Lynchings Are So Much More Horrifying Than Schools Suggest

It’s not just a noose and, shockingly, we don’t talk about this.

Photo by Sushil Nash on Unsplash

Do you remember sitting down in history class, and hearing the teacher speak about Black history? I do. As a white girl in an all-white neighborhood, Black History Month felt a little foreign.

No, like, really, I wrote about some of this, but I feel it’s pertinent to this month too.

I mean, the only black girl at my elementary school was pulled out — allegedly because she was bullied. If you’ve read my writing before, you know that I grew up with a lot of racism that was just normalized around me.

In school, the way we were introduced to the concept of racism and racial attacks awkwardly

Photo by MChe Lee on Unsplash

Our teacher’s voice just kind of hushed a bit, and explained that this chapter was “going to be very difficult” for us.

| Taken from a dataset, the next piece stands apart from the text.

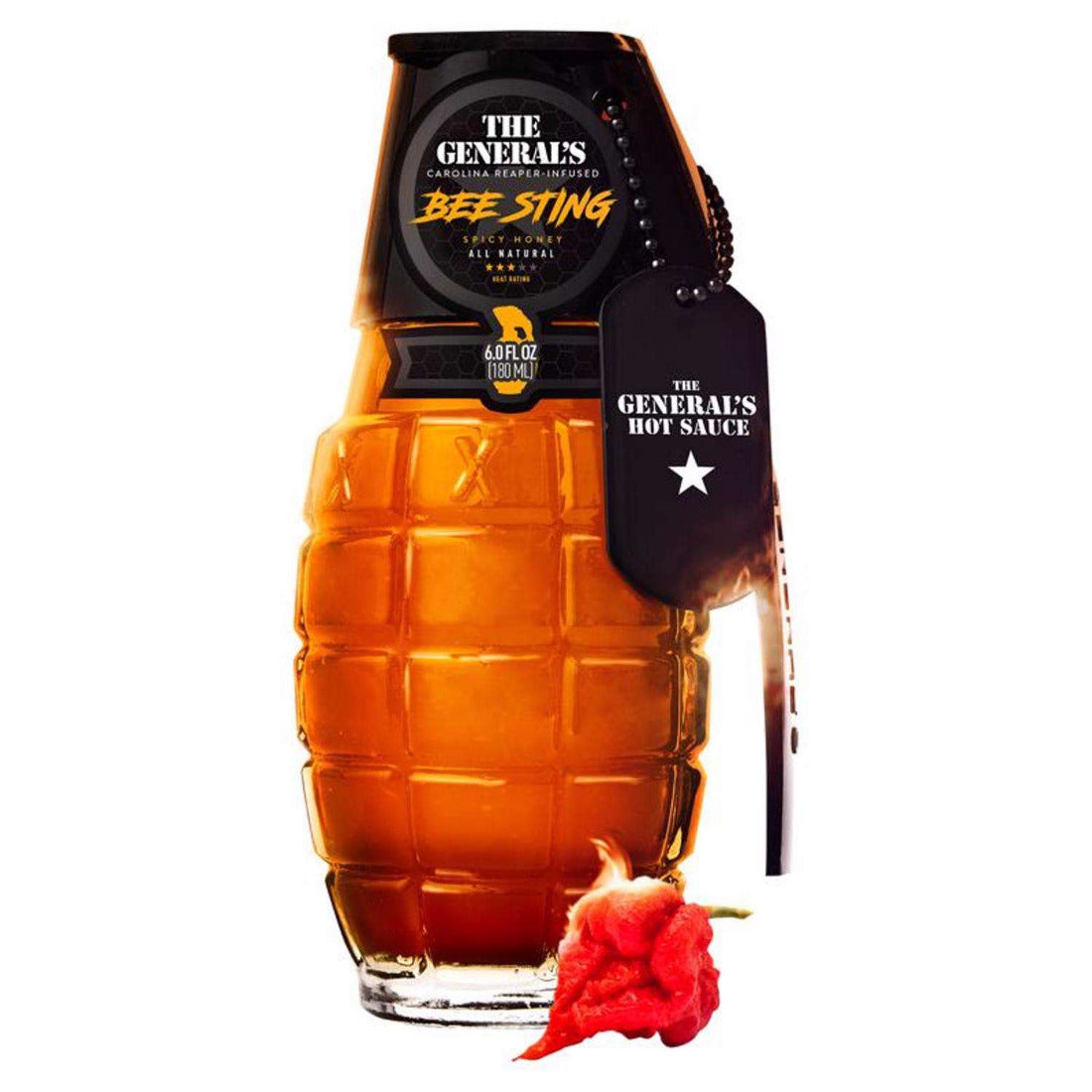 The Generals Grenade - Bee Sting Carolina Reaper Infused Honey 180ml (6oz)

It wasn’t difficult. It was just…awkward and really glossed over.

We were told the following about life for Black people after the Civil War, in a nutshell:

  • Jim Crow laws kept Black Americans from getting good jobs, voting, or other things like that.
  • Segregation happened and it was bad.
  • Lynchings occasionally happened, and it meant someone got hanged in a tree.
  • The KKK existed but then the Civil Rights movement happened, something something Martin Luther King, and they went away.
  • Malcolm X existed, he was a civil rights leader, but we never really figured out what he did.
  • Hip hop had words that rhyme but that’s about it. We were discouraged from listening to it as a whole.

I kid you not. That was about all the Black history we got aside from Harriet Tubman and a quick blurb about the Harlem Renaissance in middle school.

The concept of lynching was almost never spoken of, and that really stood out to me recently

Up until I was in high school, I didn’t really know what lynching really meant. I thought it meant that someone got beat up or hanged after doing something that was really bad. It was a punishment for people who deserved it, that’s all, right?

Well, no, that wasn’t right.

Lynching did involve nooses, but that was not even the most gruesome part. It wasn’t just name-calling or beatings. It was a truly sociopathic, psychotic act that genuinely showed a side of America that whites don’t want to think about.

A typical lynching from the turn of last century would be enough to make a lot of serial killers sick to their stomachs. It’s little wonder, then, that a lot of school curricula don’t give the full details of what that word truly means.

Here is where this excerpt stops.